◆ DESCRIPTION OF THE TASK: The line holding "Today I'm going" is the last one to output; start at the first line of the data, keep every line in between exactly, and leave out pictures.

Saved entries
--------------------------------

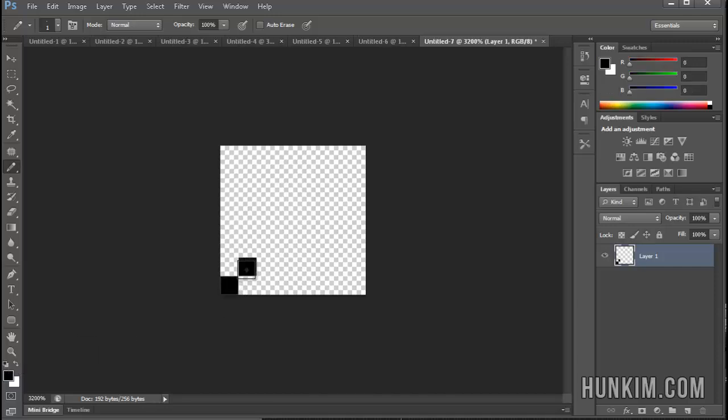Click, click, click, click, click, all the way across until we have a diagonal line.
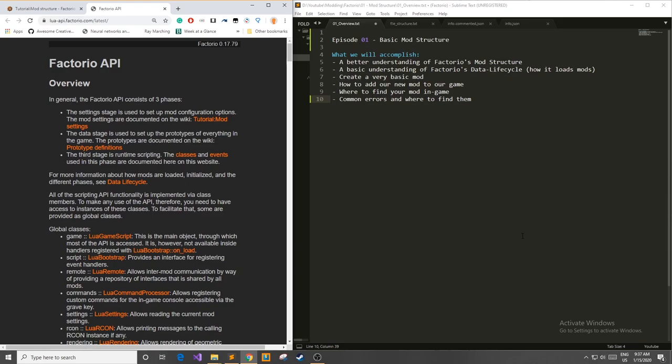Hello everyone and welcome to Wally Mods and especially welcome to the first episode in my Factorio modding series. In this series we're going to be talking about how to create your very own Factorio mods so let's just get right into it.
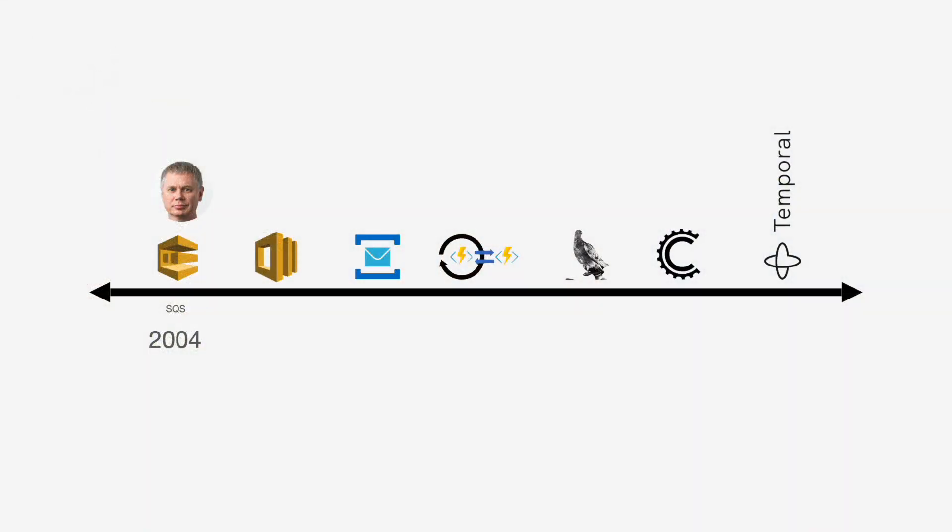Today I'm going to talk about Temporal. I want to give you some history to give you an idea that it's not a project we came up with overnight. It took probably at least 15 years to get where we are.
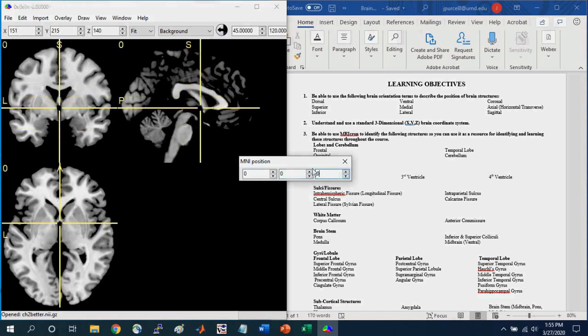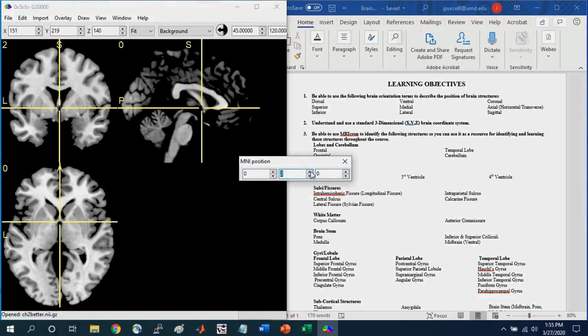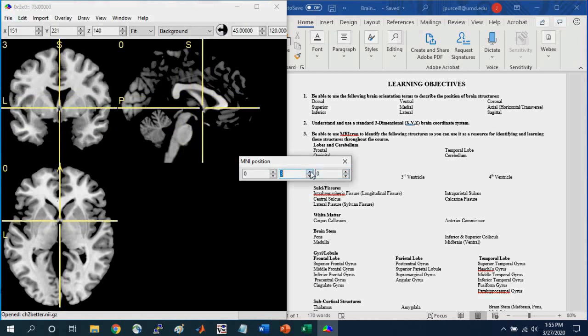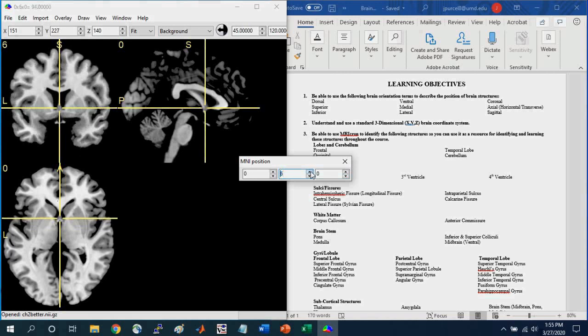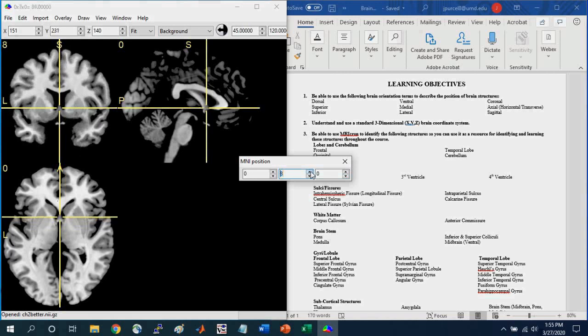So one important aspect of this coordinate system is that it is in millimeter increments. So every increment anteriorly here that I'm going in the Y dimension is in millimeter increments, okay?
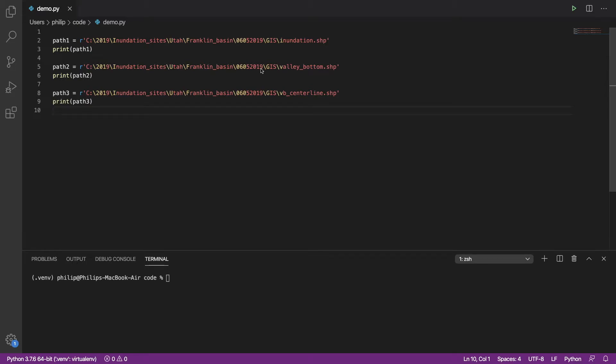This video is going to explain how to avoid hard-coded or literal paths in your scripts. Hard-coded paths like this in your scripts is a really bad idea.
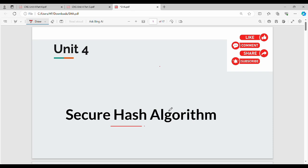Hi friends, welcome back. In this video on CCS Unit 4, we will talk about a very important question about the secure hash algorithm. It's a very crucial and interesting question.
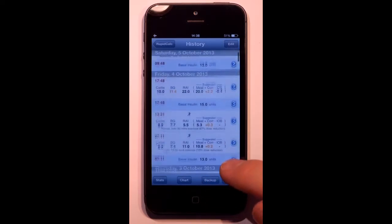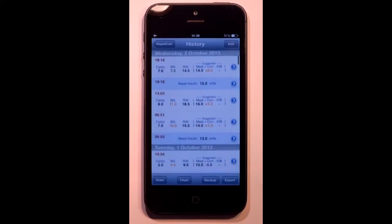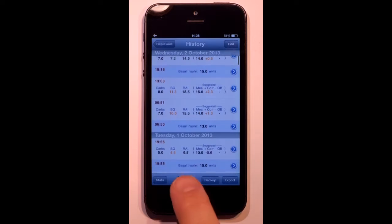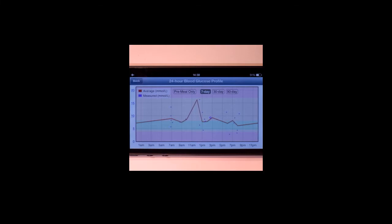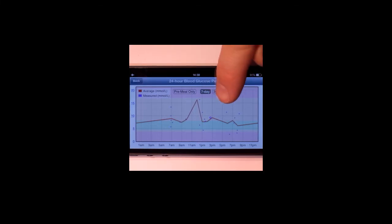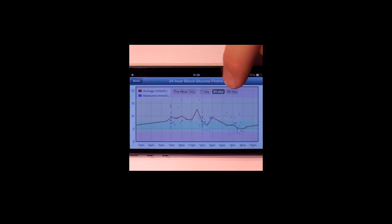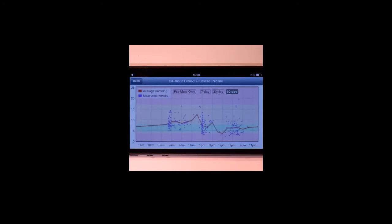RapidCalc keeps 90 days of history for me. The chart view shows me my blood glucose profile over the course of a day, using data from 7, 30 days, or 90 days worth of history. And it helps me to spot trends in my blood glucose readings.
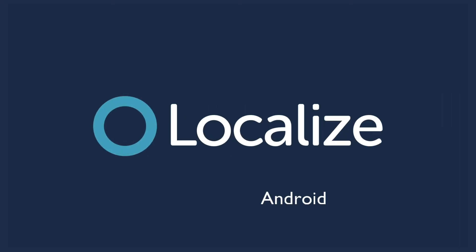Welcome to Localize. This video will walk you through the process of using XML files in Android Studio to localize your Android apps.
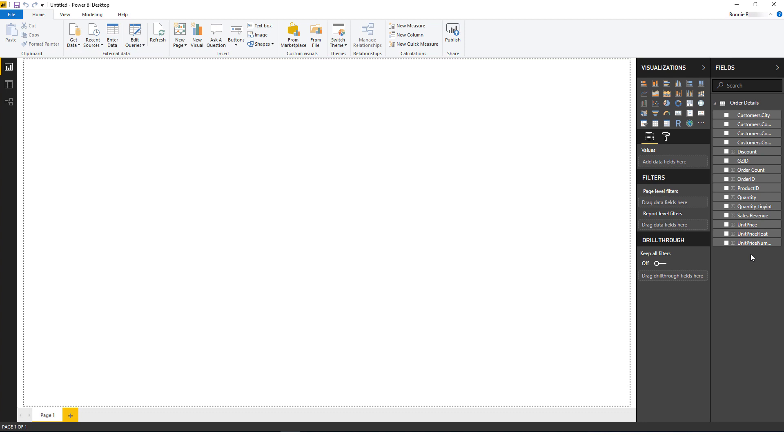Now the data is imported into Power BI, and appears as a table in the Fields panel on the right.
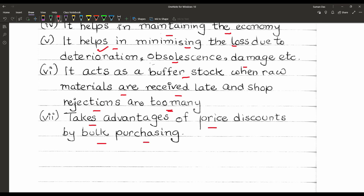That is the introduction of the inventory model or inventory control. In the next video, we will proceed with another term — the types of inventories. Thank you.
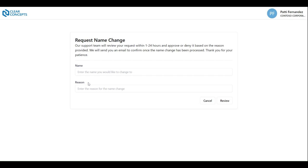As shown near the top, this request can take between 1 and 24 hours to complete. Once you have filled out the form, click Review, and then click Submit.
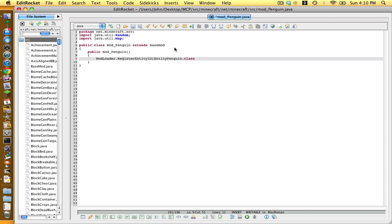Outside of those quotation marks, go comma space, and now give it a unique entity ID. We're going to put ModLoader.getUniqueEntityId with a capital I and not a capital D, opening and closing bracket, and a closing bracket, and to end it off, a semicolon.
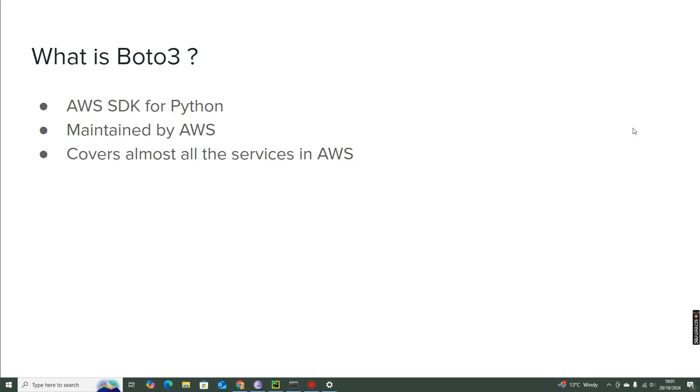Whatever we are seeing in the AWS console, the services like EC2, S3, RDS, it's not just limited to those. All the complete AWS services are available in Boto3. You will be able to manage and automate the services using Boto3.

--------------------------------

◆ FINISHED TASK:
Click, click, click, click, click, all the way across until we have a diagonal line.
Hello everyone and welcome to Wally Mods and especially welcome to the first episode in my Factorio modding series. In this series we're going to be talking about how to create your very own Factorio mods so let's just get right into it.
Today I'm going to talk about Temporal. I want to give you some history to give you an idea that it's not a project we came up with overnight. It took probably at least 15 years to get where we are.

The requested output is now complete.